For example I have an on and off obsessive habit of asking my parents if certain foods will hurt my skin and give me acne because when I was younger I had really bad skin problems. My parents constantly reassure me that we don’t buy unhealthy food and not to worry. Precovid it was real problem for me when ever I ate out because I would agonize over if the food was too greasy and if it would effect my skin. I once almost had a panic attack on the way home from the beach because my mom insisted on us sharing a huge bucket of French fries instead of eating actual dinner and it made me so paranoid that my skin was going to be covered in acne by the morning that I actually started crying. I haven’t had this problem as much recently but I still worry a bit about my skin every day. Typing this out I am suddenly realizing how ridiculous I must sound but it is a problem for me.

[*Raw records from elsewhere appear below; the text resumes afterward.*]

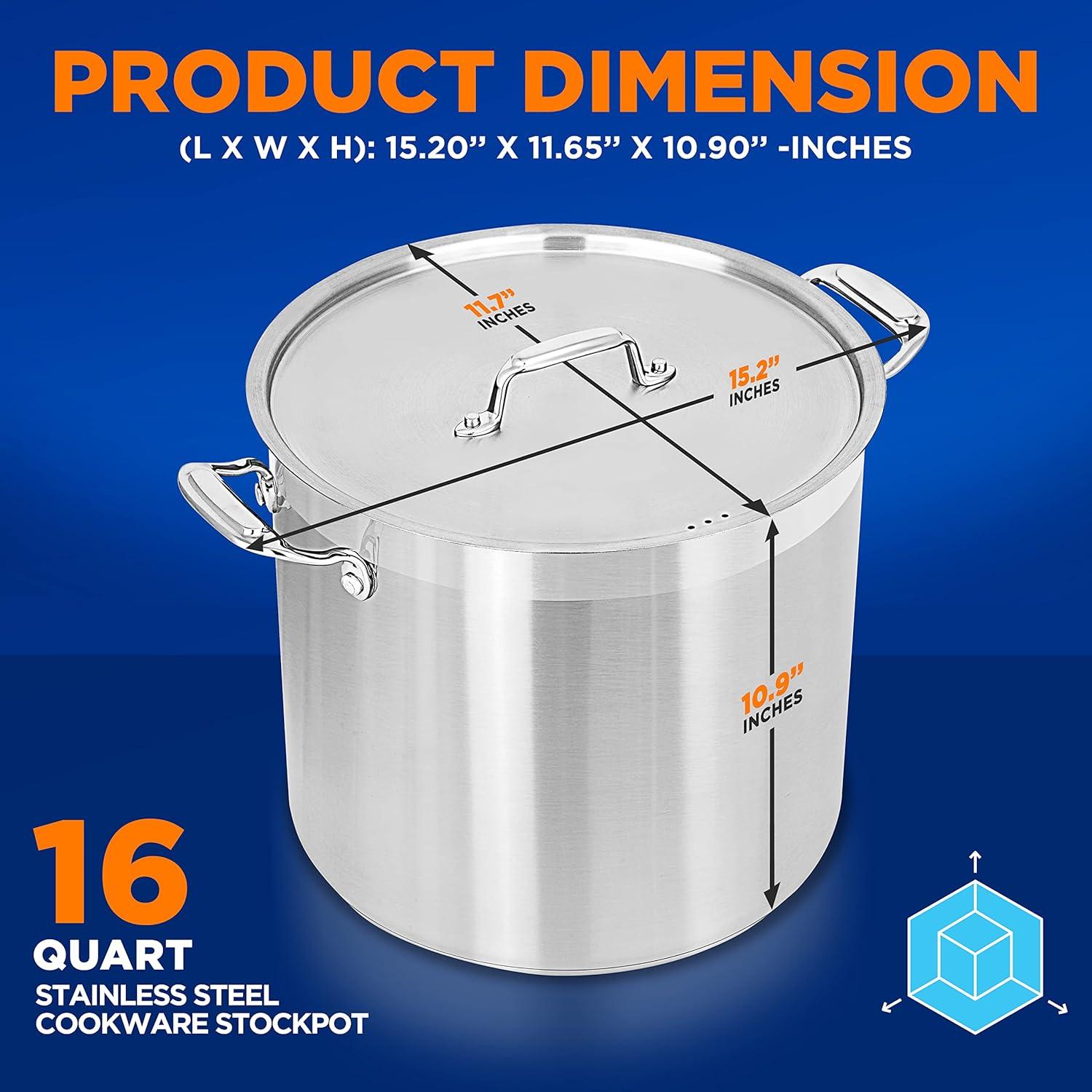 NutriChef 16-Quart Stainless Steel Heavy Duty Stockpot with Lid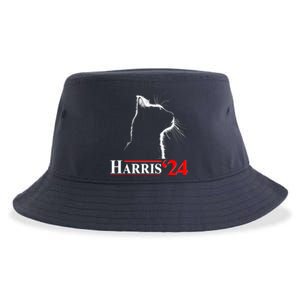 Cat Lady Ladies For Kamala Harris 2024 Sustainable Bucket Hat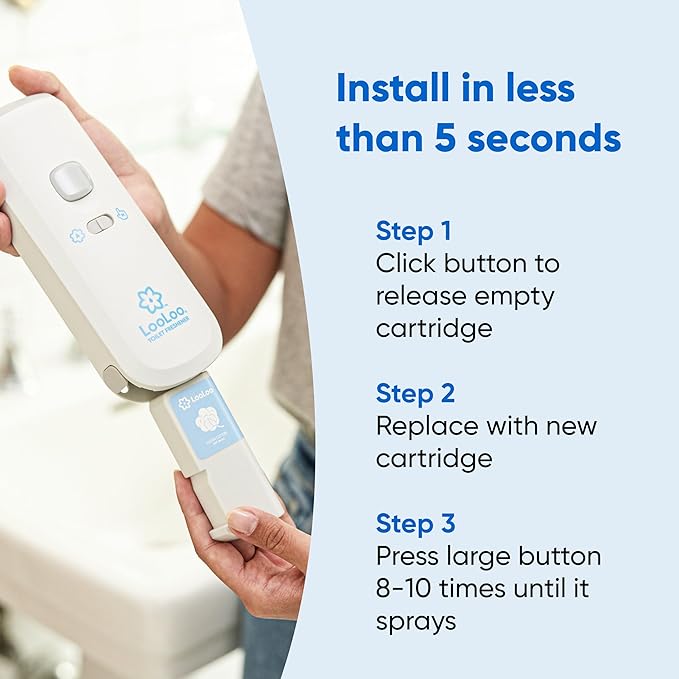 Loo Loo Touch Free Toilet Freshener Refills, Natural Essential Oils – Toilet Smell Eliminator, Bathroom Deodorizer, Air Freshener Spray for Bathroom, Clean Cotton Fragrance, 2.0 Fl Oz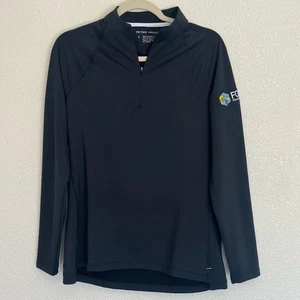 Nuevo Pullover Peter Millar Talla L Negro Capa Perth Raglán Rendimiento UPF 50 - Imagen 1 de 7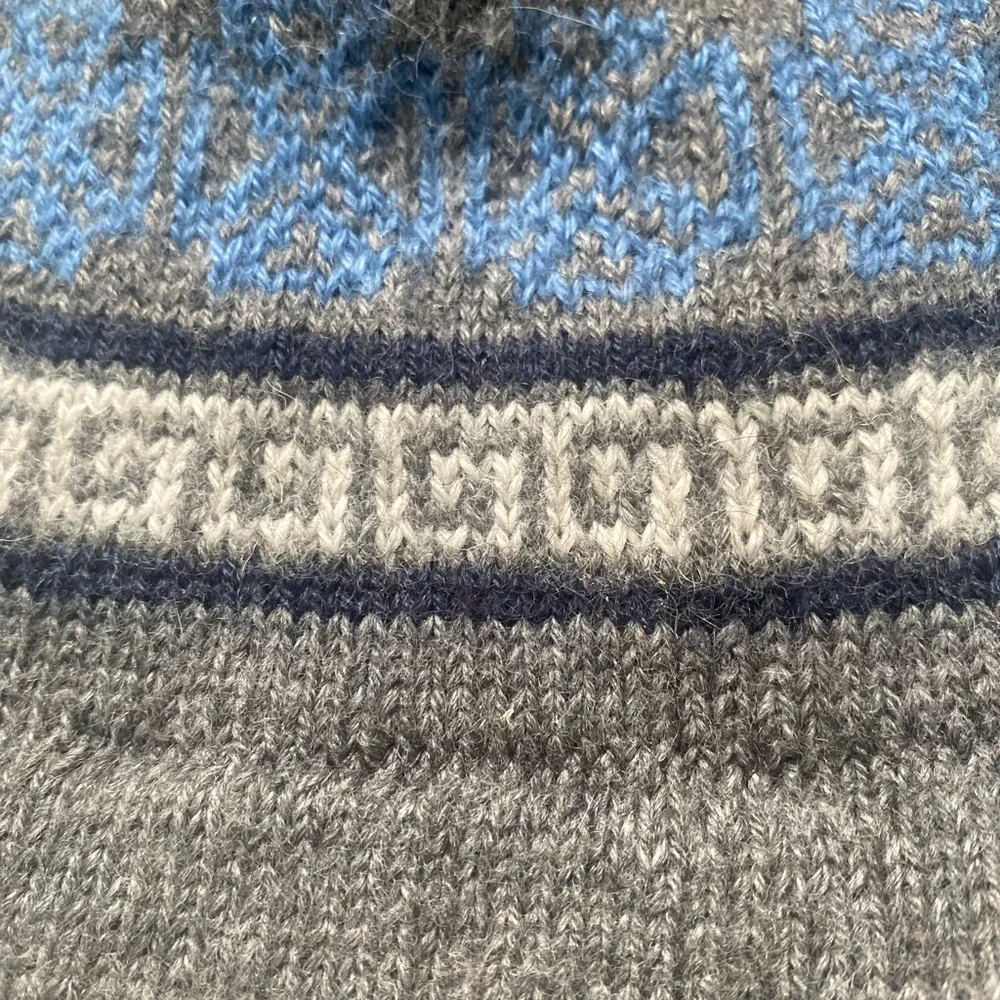Hand Knit Alpaca Mix Beanie Peru Hat Kids Ski Fleeced Lined Blue Gray‎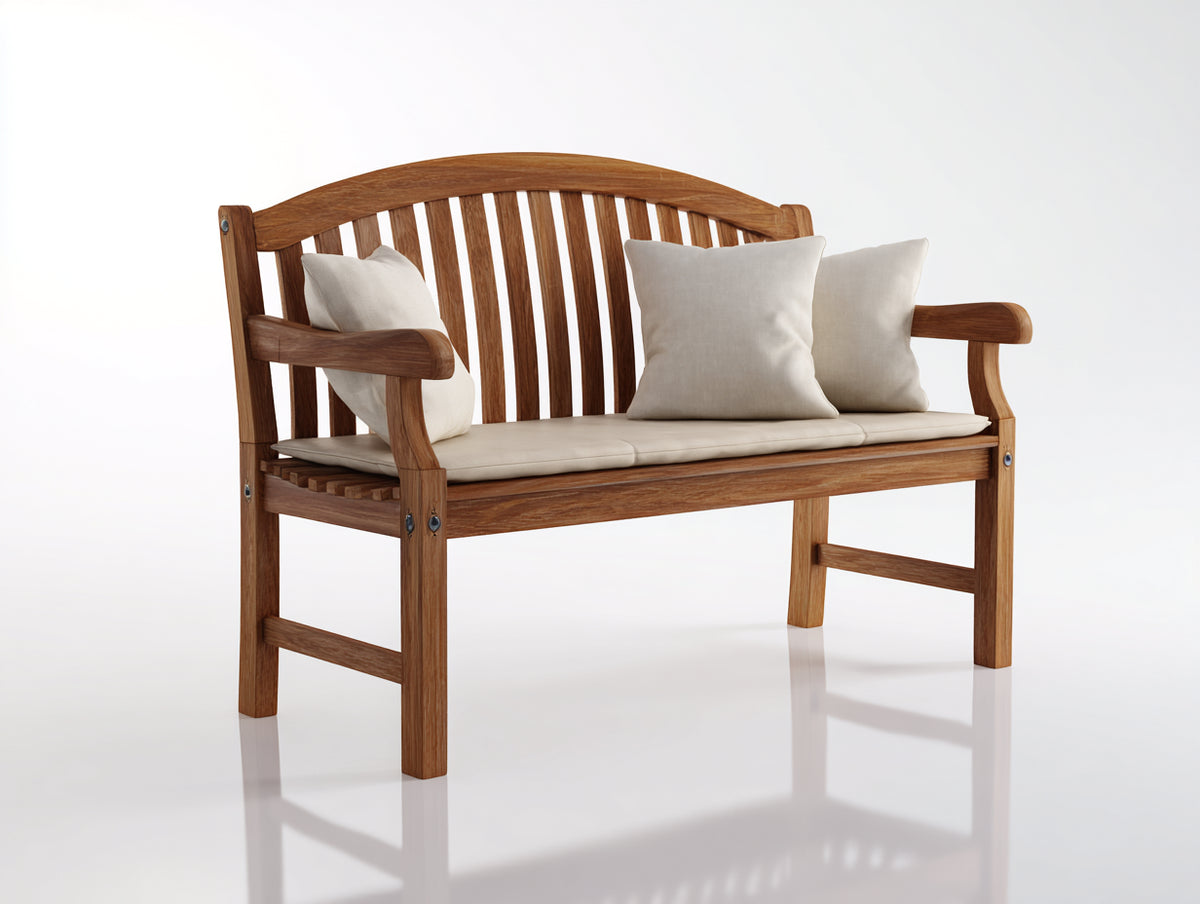 Bancos de jardín de madera maciza 135 x 58 x 94 cm - marrón nogal - banco con respaldo curvo de lamas y asiento acolchado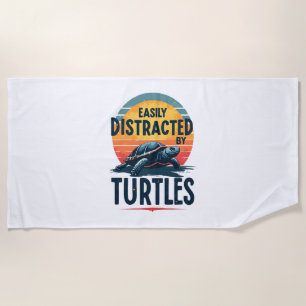 Serviette De Plage Tortue Facilement Distraite Par Tortues Mer Vintag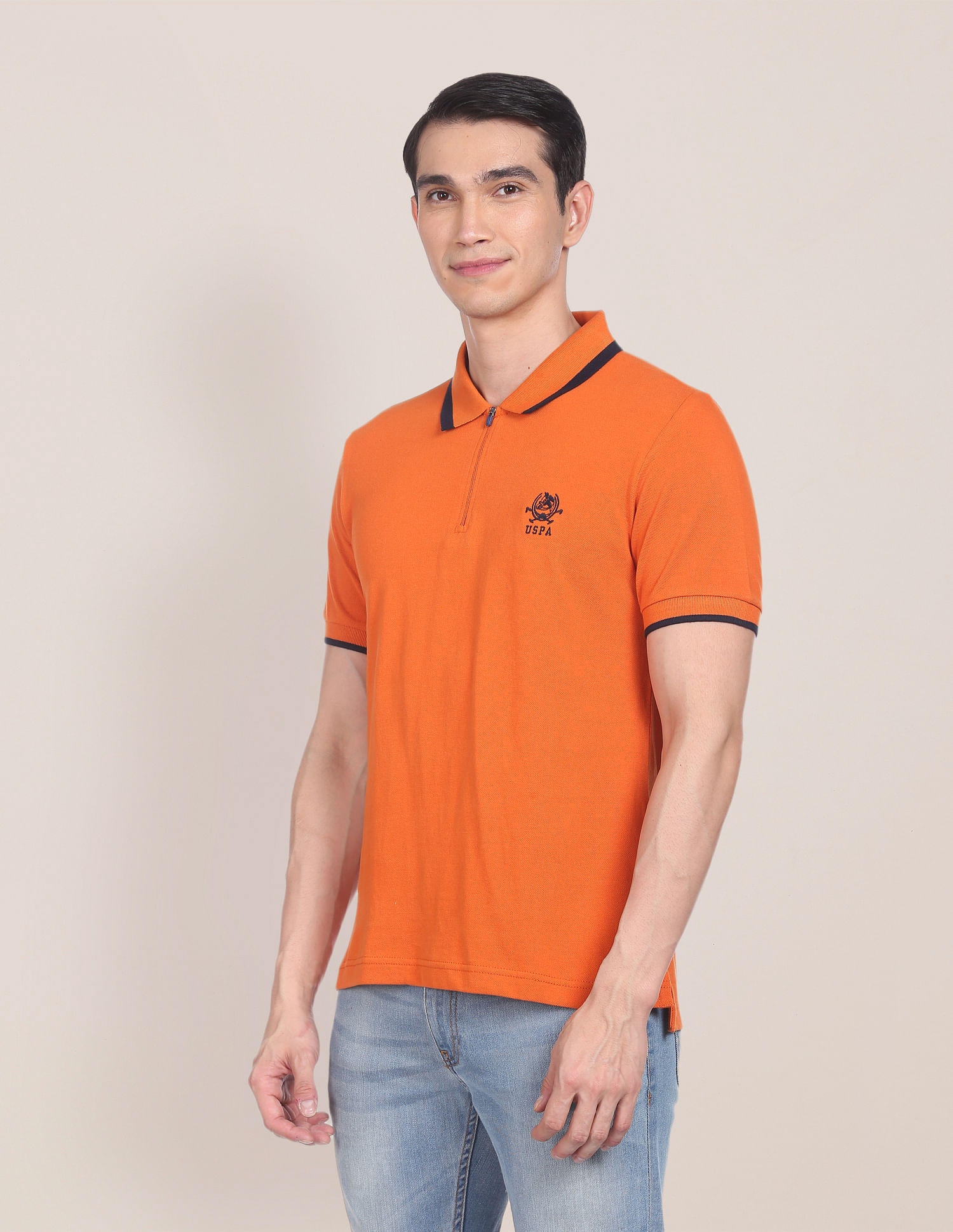 U.S. Polo Assn. Logo Embroidered Tipped Collar Polo Shirt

More recently I have been worrying about my creative project and how it feels like it will never happen. I want it to work so much but there are a thousand things that would need to go exactly right for it to happen! As a related point, I often feel really self conscious about my creative ideas thinking that they are too weird or stupid or childish or will be horribly misinterpreted from what I was trying to say.
Another major worry that I have had my entire life is that I will never make anything of myself and never achieve anything remarkable creatively and be stuck in a mundane dead end job that I hate. I constantly have to combat feeling like a looser all time which I think my rejection sensitive Dysphoria contributes a lot to. Sometimes I say to myself that “I hate my brain” even though I don’t or think that no one likes me but my parents, even though I know I have friends.
Sorry if that was a lot. I know I must sound ridiculous and a bit too much.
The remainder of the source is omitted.